- [PROBLEM]:
I'd like the data below restated word for word, with the pictures left out.

BEGIN RECORDED INFORMATION

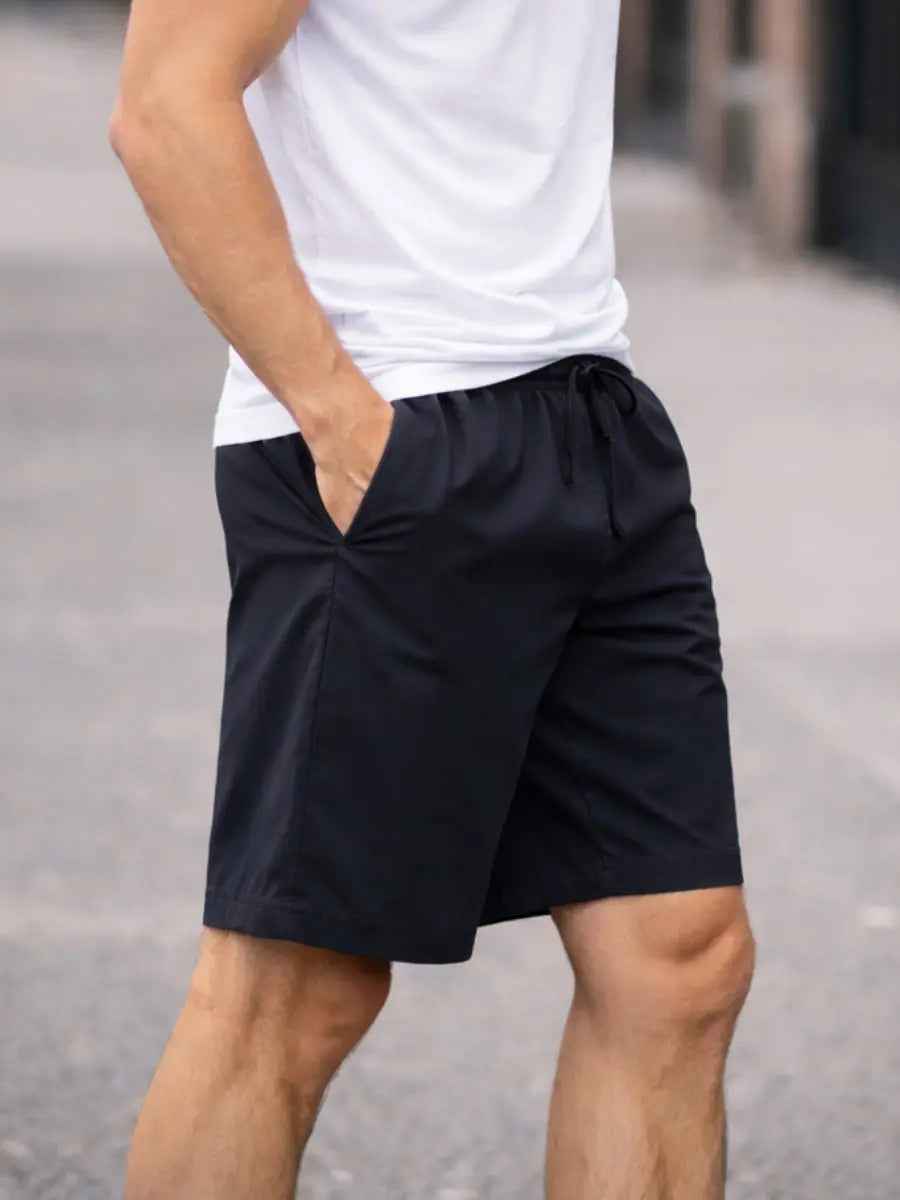 Short Deportivo Hombre Tela Nova Ligero Urbano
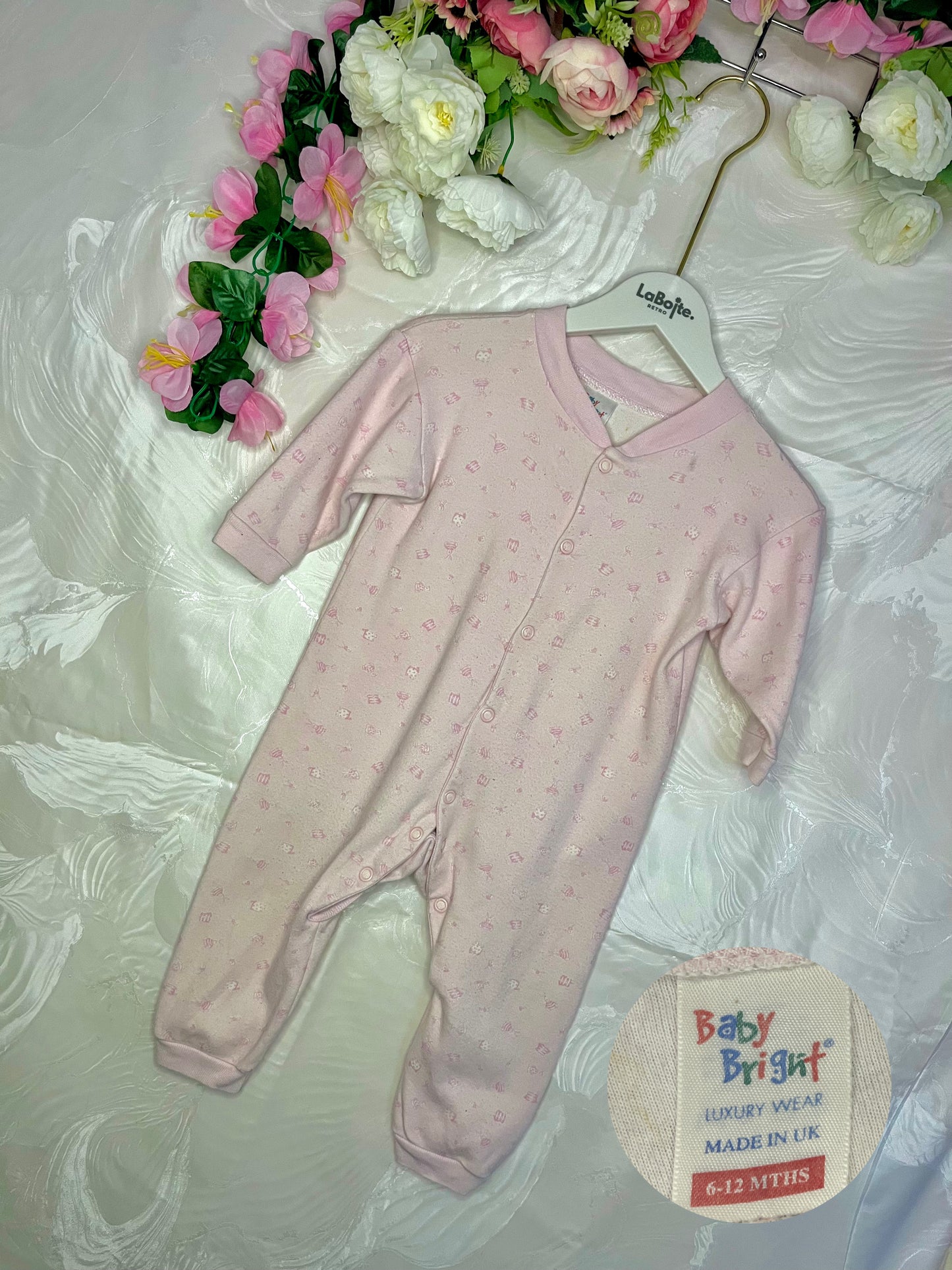 Pink girls Romper’s (Mixed)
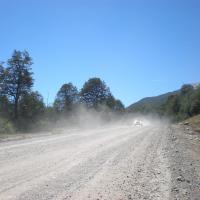 Ruta 231 Piste de ripio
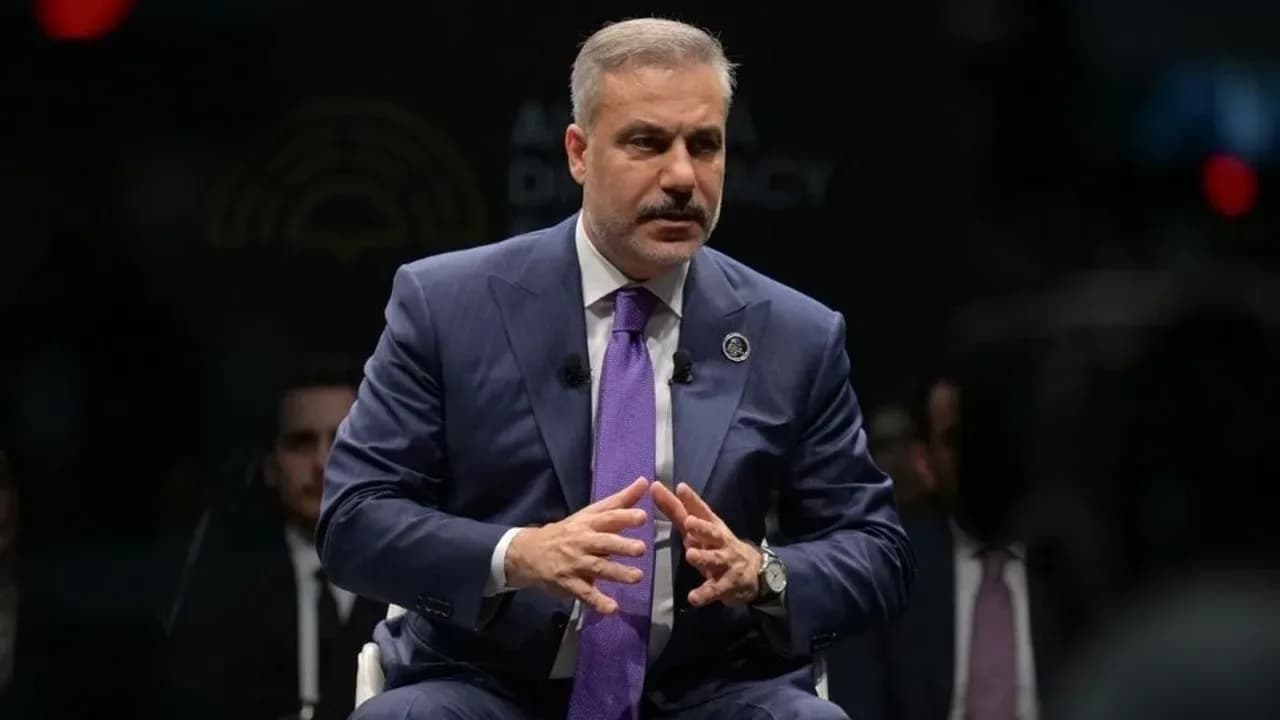 Hakan Fidan’dan Mekke Anlaşması mesajı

END RECORDED INFORMATION

- [SOLUTION FOR THIS EXERCISE]:
 Short Deportivo Hombre Tela Nova Ligero Urbano
 Pink girls Romper’s (Mixed)
 Ruta 231 Piste de ripio
 Hakan Fidan’dan Mekke Anlaşması mesajı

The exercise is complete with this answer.